* [Data provided]

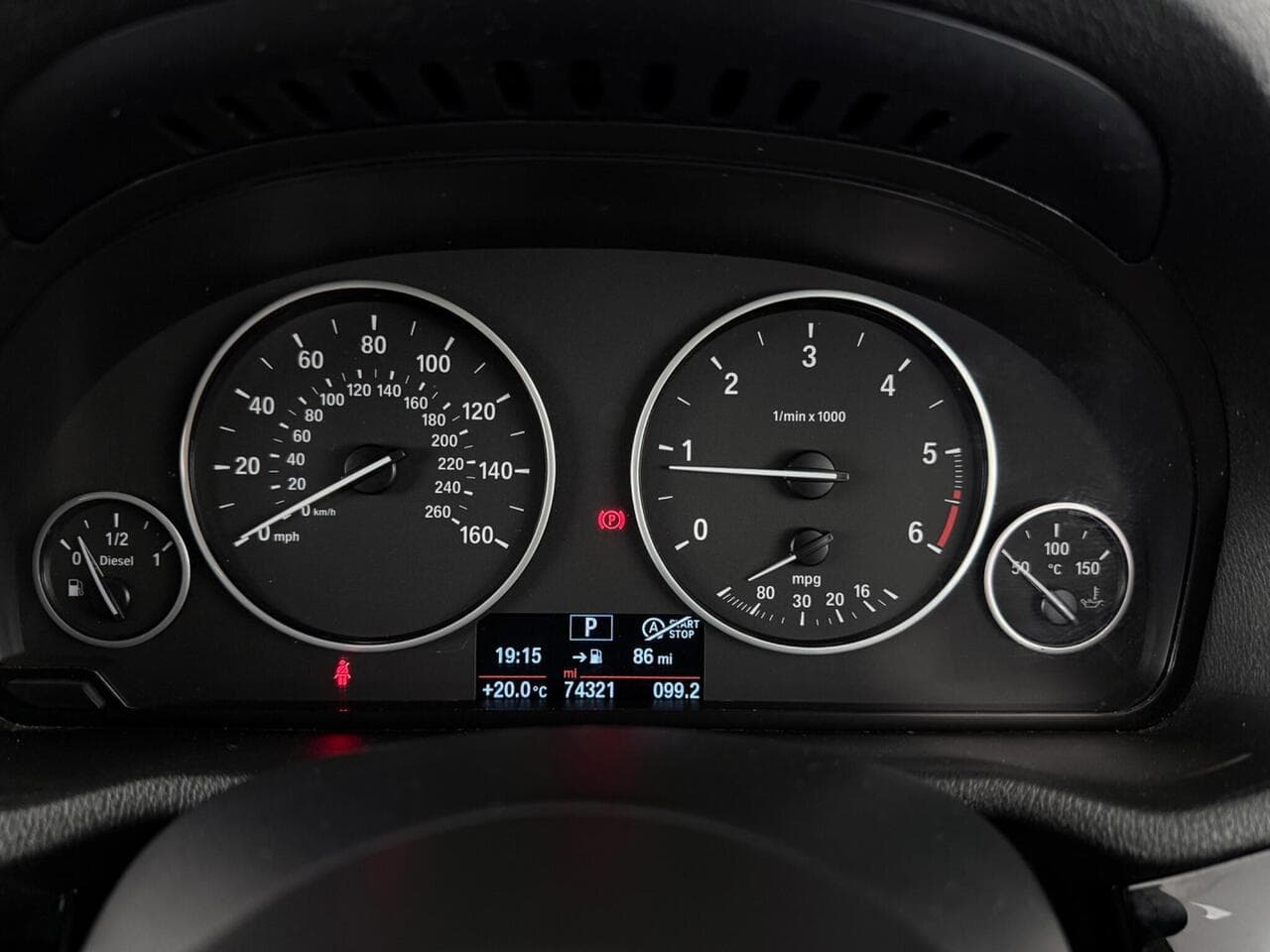 BMW X3 thumbnail Driver Instruments
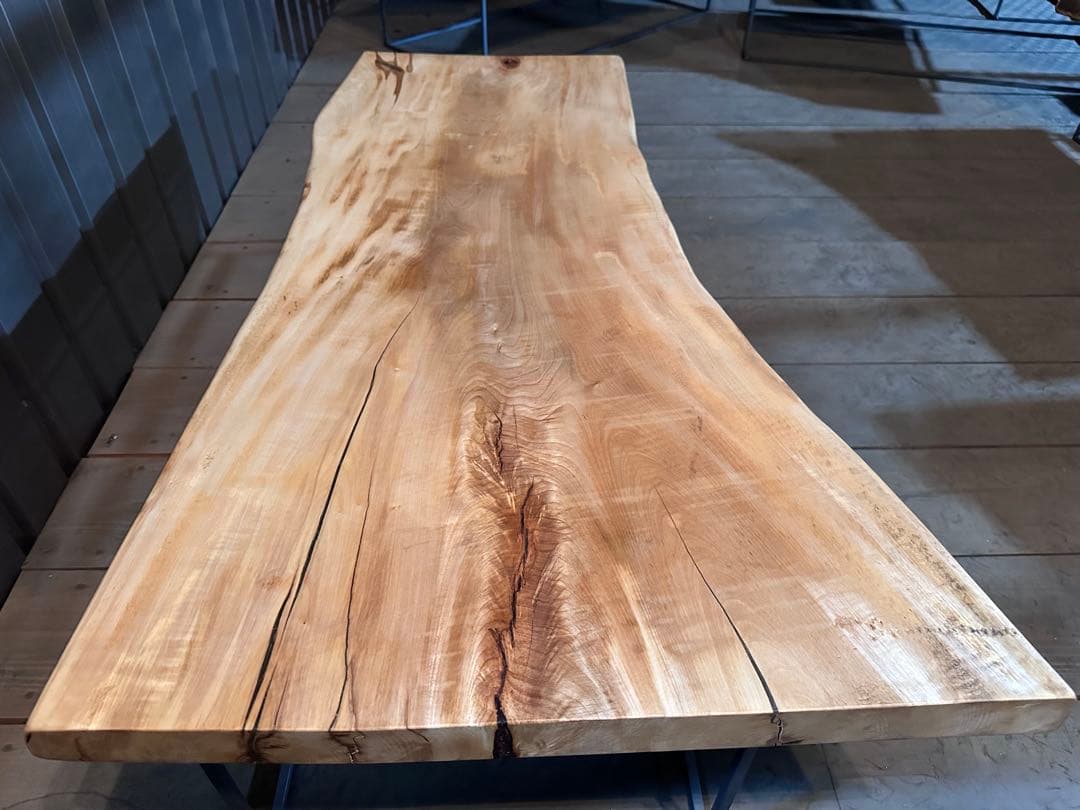 【送料無料】栃　トチ　一枚板テーブル　店舗什器　ローテーブル　アイアン脚　一点物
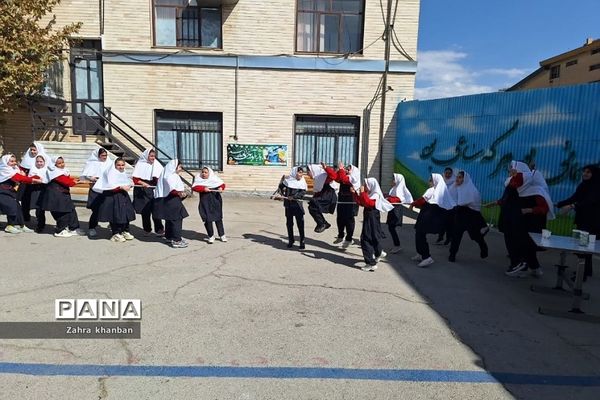 روز جهانی کودک در دبستان دخترانه سما ۲ رودهن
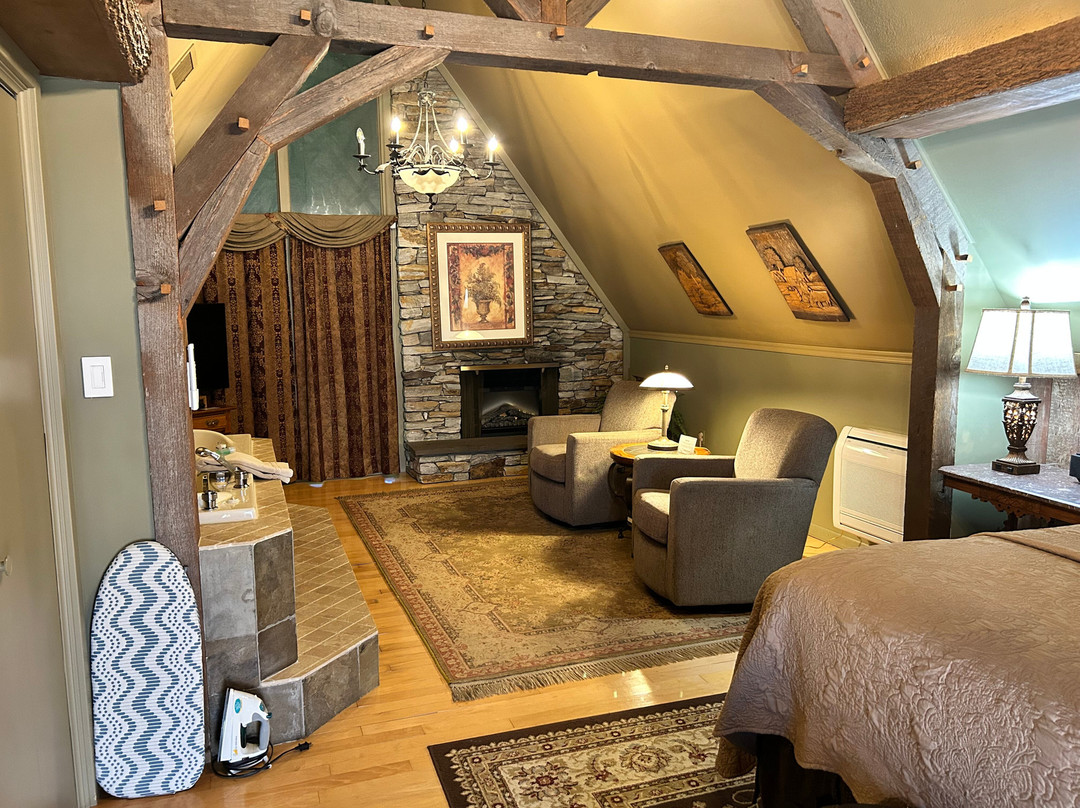 Twin Pine Manor Bed & Breakfast主图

* [Aim of the task]
Print every line above once more, exactly. Omit the pictures.

* [Task response]
 BMW X3 thumbnail Driver Instruments
 【送料無料】栃　トチ　一枚板テーブル　店舗什器　ローテーブル　アイアン脚　一点物
 روز جهانی کودک در دبستان دخترانه سما ۲ رودهن
 Twin Pine Manor Bed & Breakfast主图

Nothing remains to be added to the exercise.